# North American Union



## Grace (Nov 12, 2007)

So my friends are all conspiracy theorists, and I count myself amongst them. We frequent this website called http://www.digg.com which offers access to many articles often hidden or retracted or otherwise invalidated but bring up some seriously alarming reports on the government, big corporations, and religion. Anyway, we were talking recently about the impending end of the world, and one of my friends spoke on a Treaty that was signed two years ago by George Bush that I, and no one I've mentioned it to, have/has never heard of. 

The treaty was a decision which would, within the next 5-7 years, implement a united currency and policy within North America. It's called the North American Union and you can read about it on Wikipedia here: [ame="http://en.wikipedia.org/wiki/North_american_union"]http://en.wikipedia.org/wiki/North_american_union[/ame] 

Basically, the plan is to syncronize all currency in the countries of the United States, Canada, and Mexico. It seems to be a plan based on economics, but really what I wonder about is the inevitably policy change that would come as a result. The United States, being both the most economically powerful and also politically powerful, in the global spectrum, of the three, would subsequently "rule" over Canada and Mexico. 

In many ways, the North American Union is identical to the European Union. The only problem with a regionalized North America is the way the United States has been fucking up recently, in ways that are unfixable and unforgivable. The worst part is that I have never even heard of this Treaty until recently, and the article posted on wikipedia is incredibly recent considering the elapse of time since the signing of the treaty. I know that we live in a democratic republic, and that America is not ruled by democracy, but this is exactly where problems with the government begin. And if power is to become more centralized in the world -- regions like all of Europe, North America, South America, Africa, Asia and the Antarcticas, then the people of this planet are going to have even less say than before. 

Thoughts? Anyone heard of this?


----------



## ogre (Nov 12, 2007)

ive heard a little bit about this and theres two ways it can end up; like 1984 or the world powers will crumble under there own weight lets just hope we can make the second one happen other than that i dont know much but i will read up


----------



## Hoghead Bob (Nov 24, 2007)

This idea has been floating around since the EU (Way before Clinton administration) got talking about becomeing the EU. Bottom line is there is too much disparity between Mexico US, and Canadian economies, not to mention labor laws etc., to make anything close happen. 

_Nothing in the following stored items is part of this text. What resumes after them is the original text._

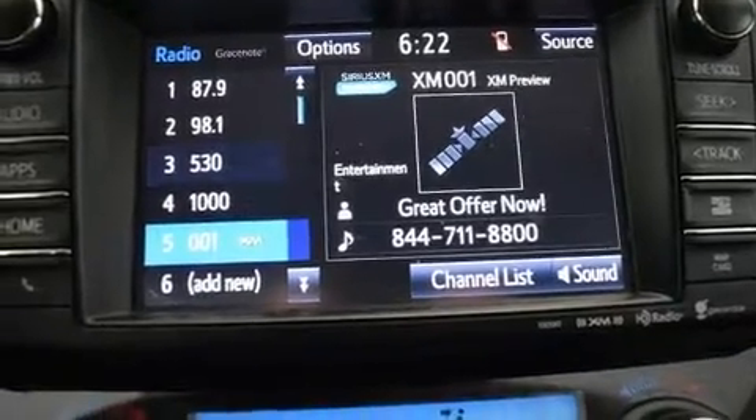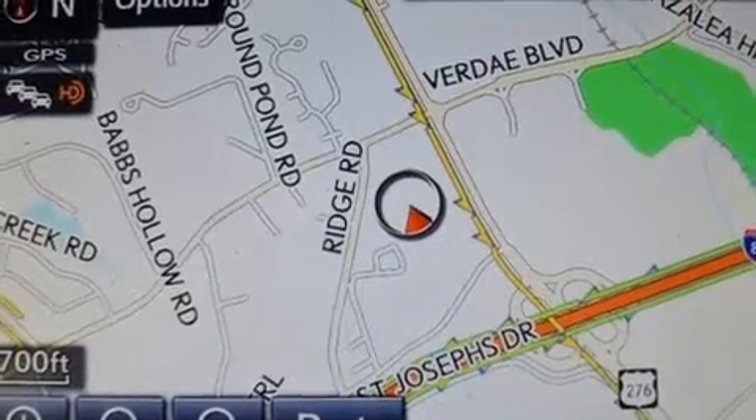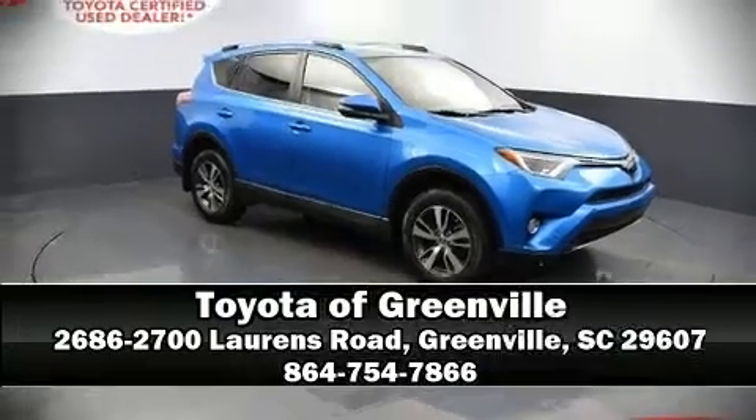This vehicle has achieved certified pre-owned status by passing Toyota's comprehensive certification process. Stop by our dealership or give us a call for more information.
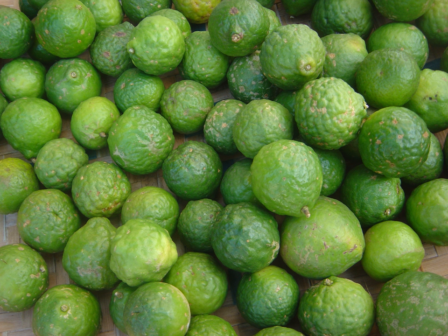Citrus hystrix, called the kaffir lime, makrut lime, or Mauritius papeda, is a citrus fruit native to tropical Southeast Asia and Southern China. Its fruit and leaves are used in Southeast Asian cuisine, and its essential oil is used in perfumery. Its rind and crushed leaves emit an intense citrus fragrance.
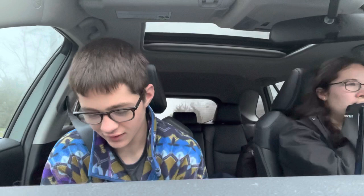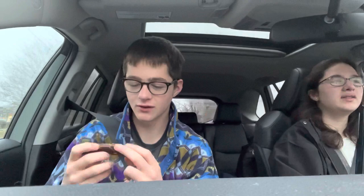Oh my god — it says ET on it! I would love to store this at my house. It's inverted — like backwards ET. But I also broke it in half — did a terrible job breaking it. Do you want some? Yeah. It's not like pieces, it's a bar.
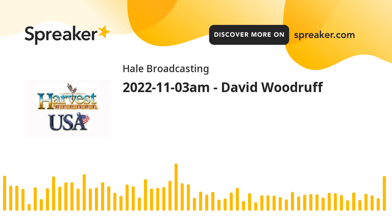I'm Howard Hale with the Harvest GSA Report. I'll be back with some information on some surprising corn yields north of the border in just a moment.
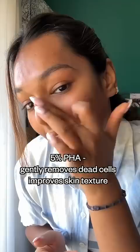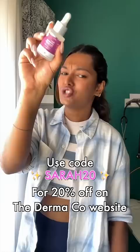It's a very universal serum — do not use it at night and definitely don't forget to use sunscreen. It's a 600-Rupiah serum, but you can use code SARA20 to get it for only 480 Rupiah.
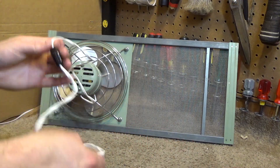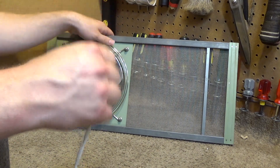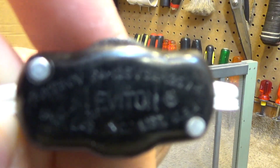The cord is ridiculously tangled up, but it's a single speed leather switch. Focus.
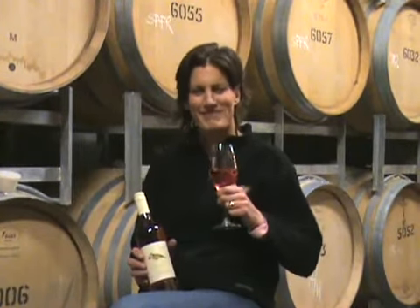It's completely dry, so it's very much an aperitif style of rosé. It's great with something like oysters and that sort of thing. It smells like strawberries. Enjoy.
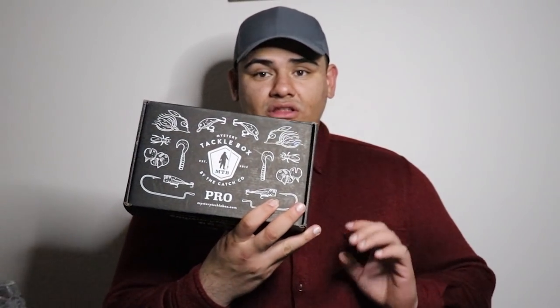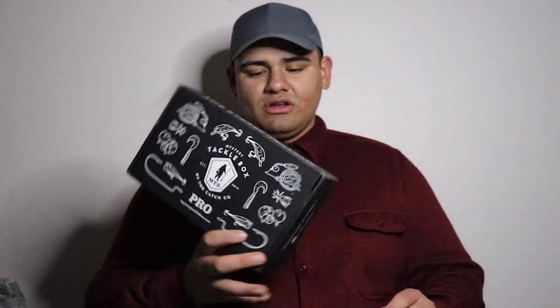Back when I was in Alaska, I was getting the walleye box because there's no bass in Alaska, so I was going for mostly northern pike. I know I got one rainbow and one trout box. Anyway, this is the MTB box for November — let's see what comes inside. I've already unboxed this so I know what's in it, but I'm going to show you guys.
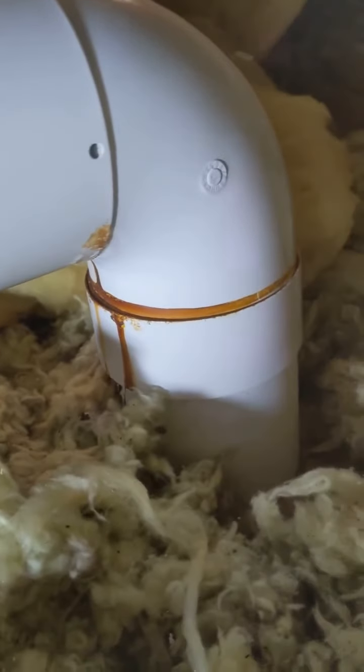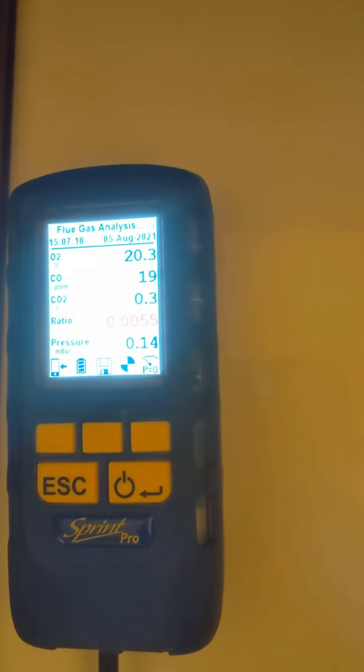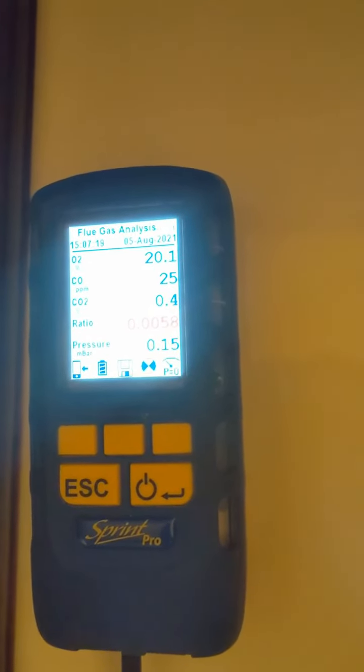I went to service this 10 year plus alpha boiler with a history of being serviced over the years, but as you can see, spillage on the flue and it's all dripped down. It failed the integrity test, and basically the cause was the internal part of the flue had never been pushed in correctly — it had been cut too short.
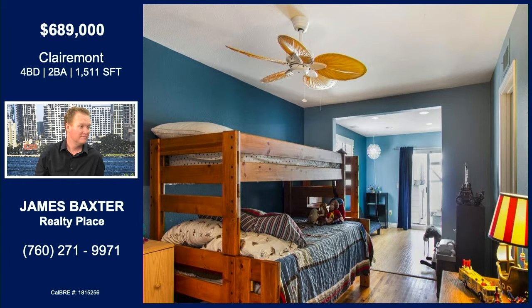So four bedrooms including this huge bedroom, which I'd call a bonus room — four bedrooms with a bonus room. Two full bathrooms, 1,500 square feet, and we're asking $649. $649 is a smoking deal on this property.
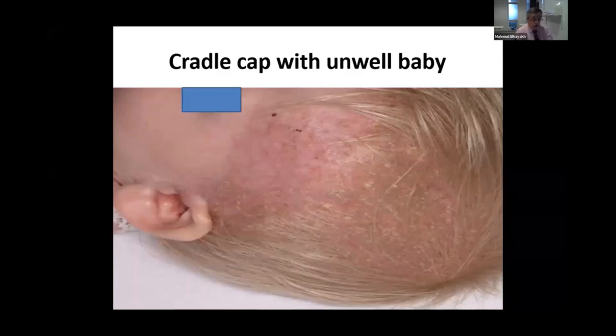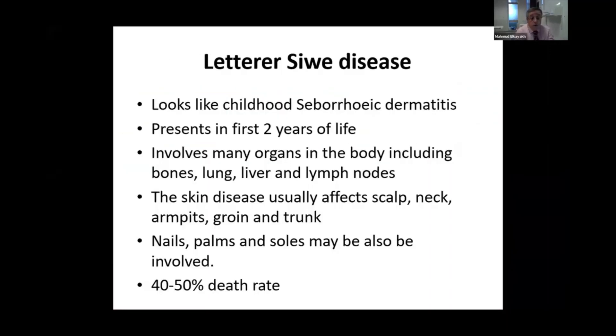The baby returns very unwell, with failure to thrive and poor appetite. This should be diagnosed very quickly as Letterer-Siwe disease, which carries about 40 to 50% mortality rate with poor prognosis, usually presenting in the first two years of life and involving many organs.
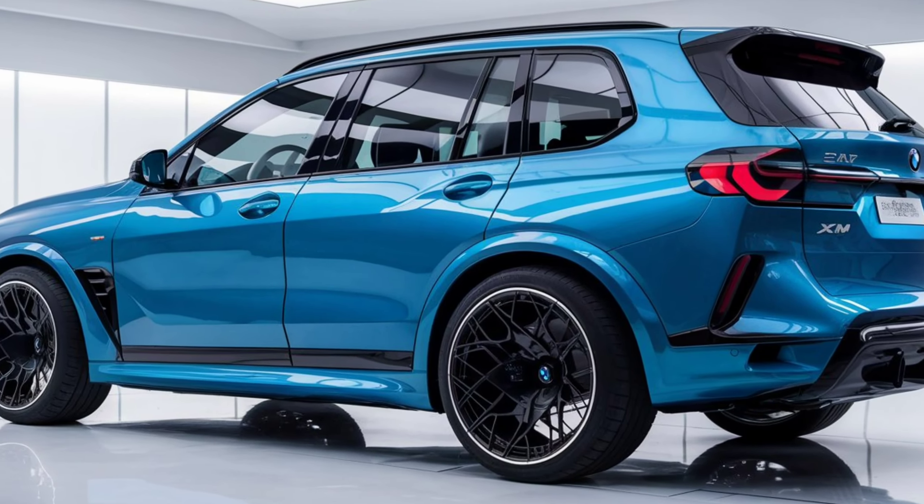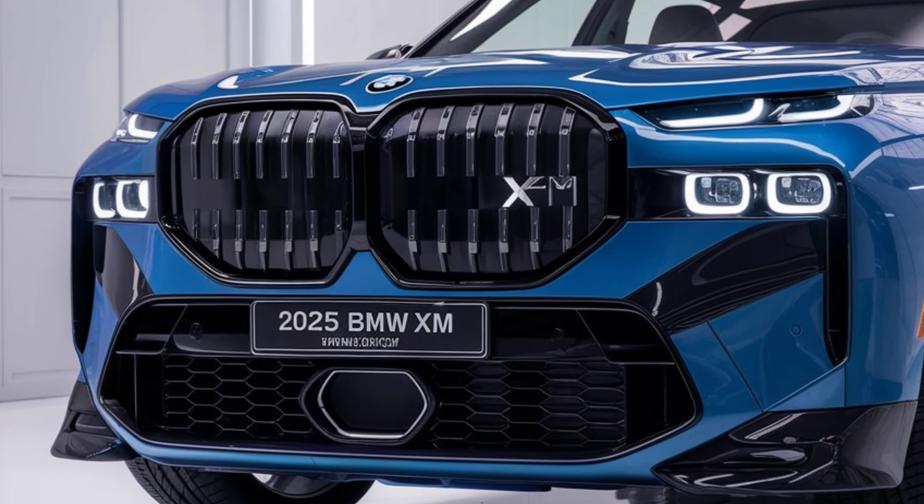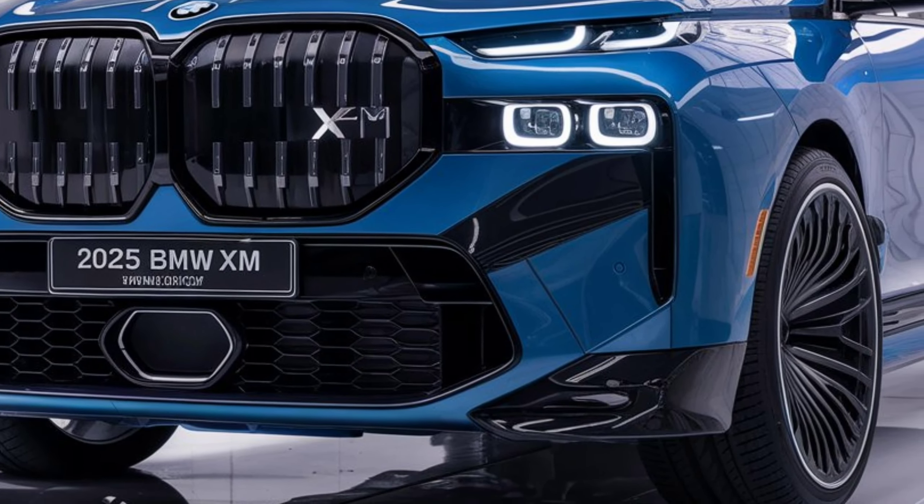Price. Now let's talk about the price. The starting price of the 2025 BMW XM is around $159,000. Of course, this is a significant amount, but considering the performance, luxury, and technology this car offers, it's worth it.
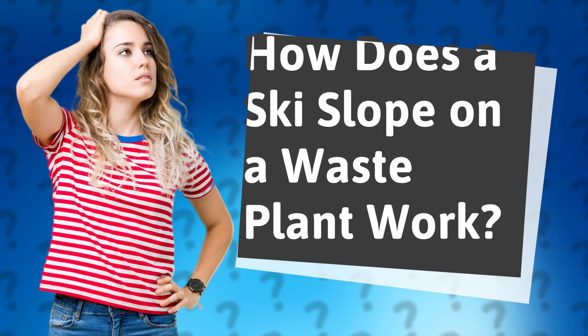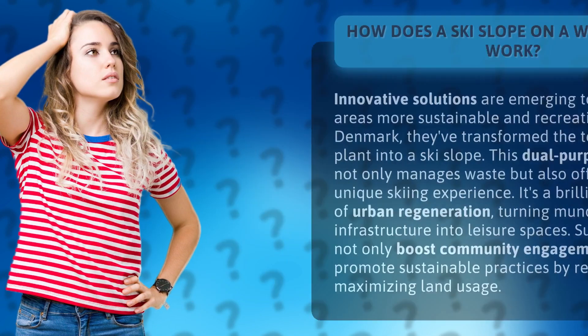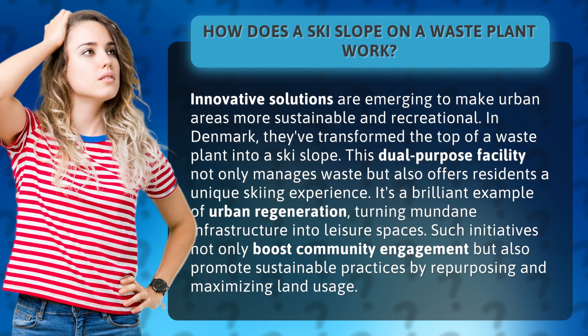How does a ski slope on a waste plant work? Innovative solutions are emerging to make urban areas more sustainable and recreational.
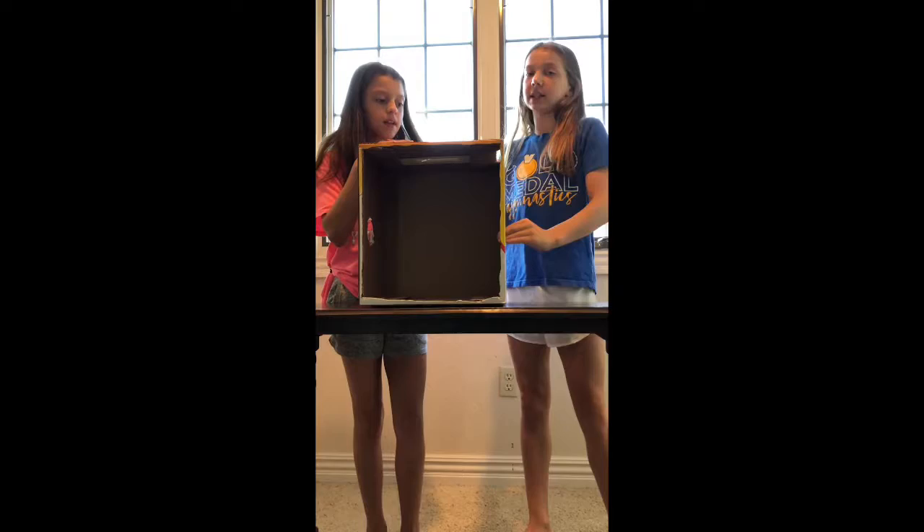We're going to do rock, paper, scissors to see who gets to guess first. Rock, paper, scissors, shoot. Okay, you want to go first? I'm going to put my hand in first.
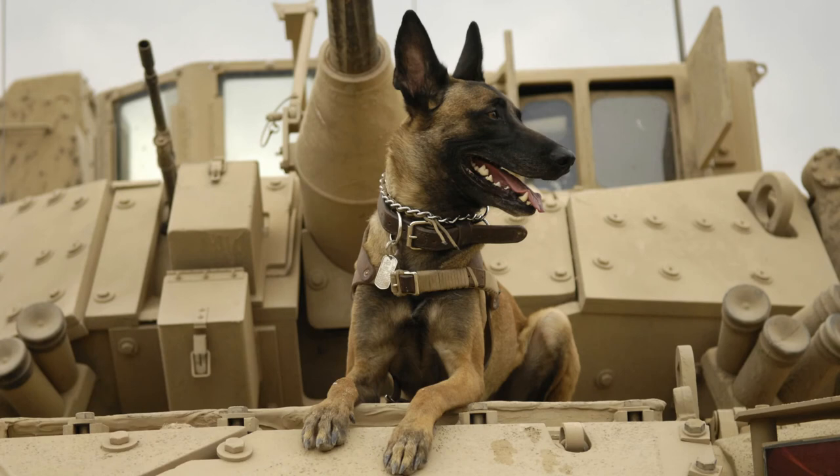I mentioned that Malinois are great police and military dogs at the beginning of this video, but the truth is they are probably the number one dogs for this work, and they even served in World War One as messengers. They are used in many armies all over the world, and even the American Navy SEALs use them. They can skydive — and not only in tandem as you might think. Malinois can be trained to skydive on their own, which is a great quality for serving in the military.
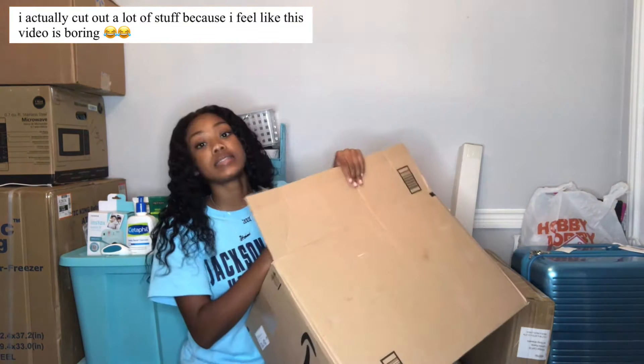In this bag is a memory foam mattress topper to make the bed more comfortable. This box is the stand that my refrigerator will go on top of — my mom doesn't want to put it on the floor and honestly I don't mind. Next thing is this three-tier shelf — I'm really debating whether to take it because we're gonna have to put it together.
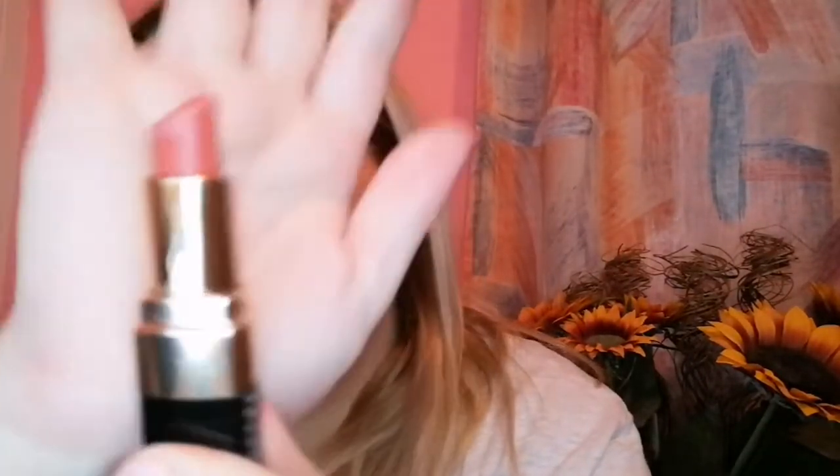My last Bobbi Brown one is this Lip Colour in Carnation, number 12. I'm not really sure what drew me to this colour. It has a slight white cast but that's the actual colour — it's not quite pink, not quite nude. It's hard to describe; it's got almost an orangey undertone. So that's Carnation.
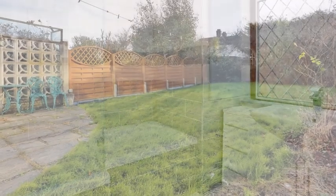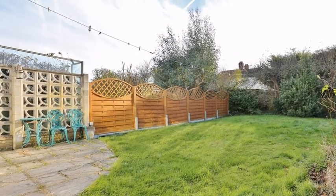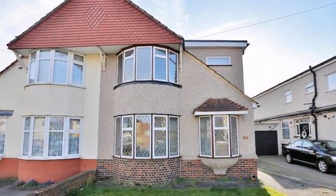Outside, the rear garden is mainly laid to lawn with a paved patio area and mature shrubs. For more information, please contact Anthony Martin today.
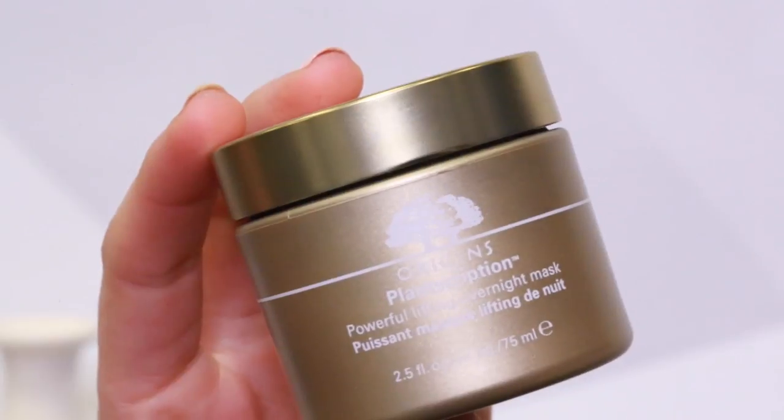Last but not least, what about people with aging skin or wrinkles who are looking to diminish wrinkles and re-firm up their skin? This is from Origins — this is the Plant Prescription Overnight Mask — and this stuff is amazing to the point that I've kind of used all of it. If you're trying to treat wrinkles, sagging, or dull skin, whether it's already happened or you're trying to prevent it, this stuff is awesome.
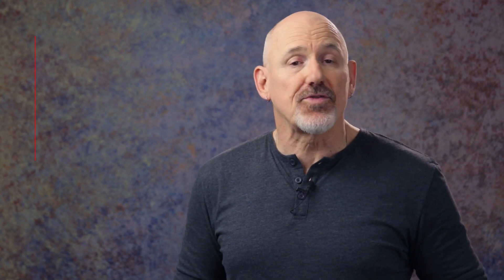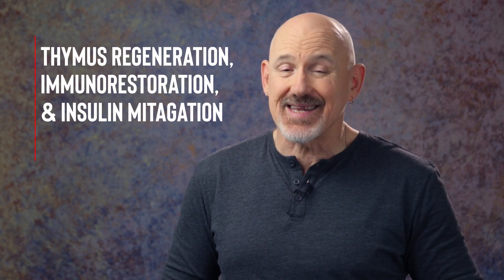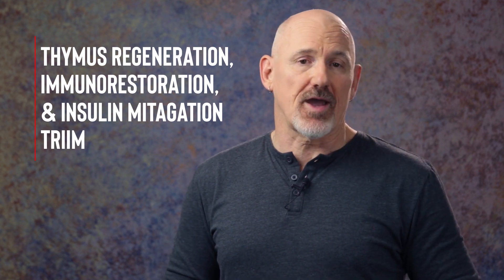Preventing or reversing thymic involution has been the goal of longevity researchers for a while now. They've been looking at ways to stop thymic involution and to regrow or regenerate thymic tissue, and they've met with some success. From 2015 to 2017, Dr. Greg Fahey conducted a trial called the Thymus Regeneration, Immunorestoration and Insulin Mitigation Study, or the TRIM trial. They took a small group of 10 men between the ages of 51 and 65, and administered human growth hormone, DHEA, and metformin for a year. After the year, MRI scans confirmed that across the board there had been significant regeneration of functional thymic tissue.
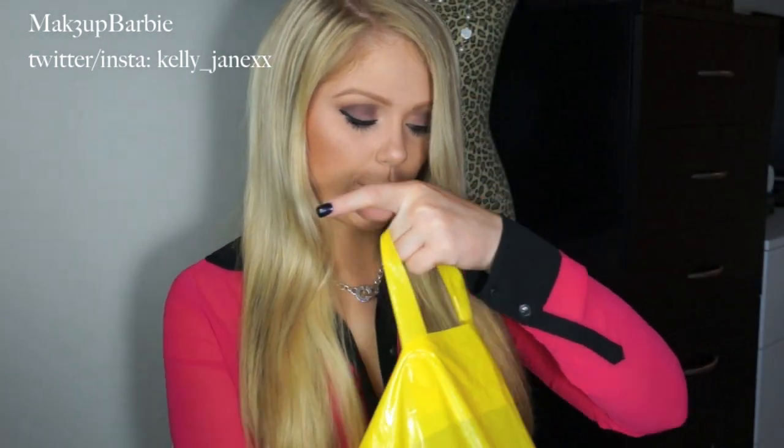Sorry for all that rambling — let me just get right into the haul. I got two bags, so I'll start off with the first one. The first thing I got is this sweater.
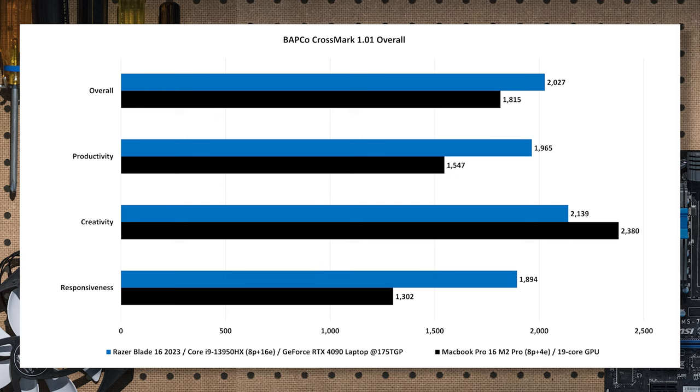Switching the Razer Blade to the GeForce RTX 4090 laptop GPU in Lightroom preferences, it comes out on top at 167 seconds — about 38% faster than the MacBook Pro 16. The GeForce is 53% faster than the Razer Blade using integrated graphics. So running only on integrated graphics, the M2 actually leads over Intel. But enable the GeForce and the Razer Blade clearly wins.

BTW the Canadian dollar is worth more than the US dollar for the first time in over 100 years!


----------



## Grace (Nov 24, 2007)

rememberusername said:


> I posted something about this right above you
> 
> you told me "Dont worry... "





huh?


----------



## Grace (Dec 12, 2007)

Well I'm not saying this is making America the #1 economic power in the world. I mean...look at our dropping currency. It's pathetic. This is more a question of policy, and the independence of two other neighboring countries that we have no business being involved with. 

I really wouldn't worry about America becoming, independently powerful. I worry about regionalized power in general, for any concentration of power the likes of what is being discussed annihilates any hope (or just makes more difficult) of personal power, and individual right to affect change.


----------



## rideitlikeyoustoleit (Dec 20, 2007)

When someone first told me about this, they told me that the currency itself would be like a debit card. I freaked out, but did more research, and I highly doubt that this is going to happen. 

Surprisingly, Canada is pushing for it the hardest.


----------



## rideitlikeyoustoleit (Dec 23, 2007)

Yeah it sucks how difficult it is to get in to Canada. I was looking into citizenship their recently, and it all really comes down to money. If you are loaded and can put that back into the Canadian economy, then your good. Other then that, unless your a student it's a no go.


----------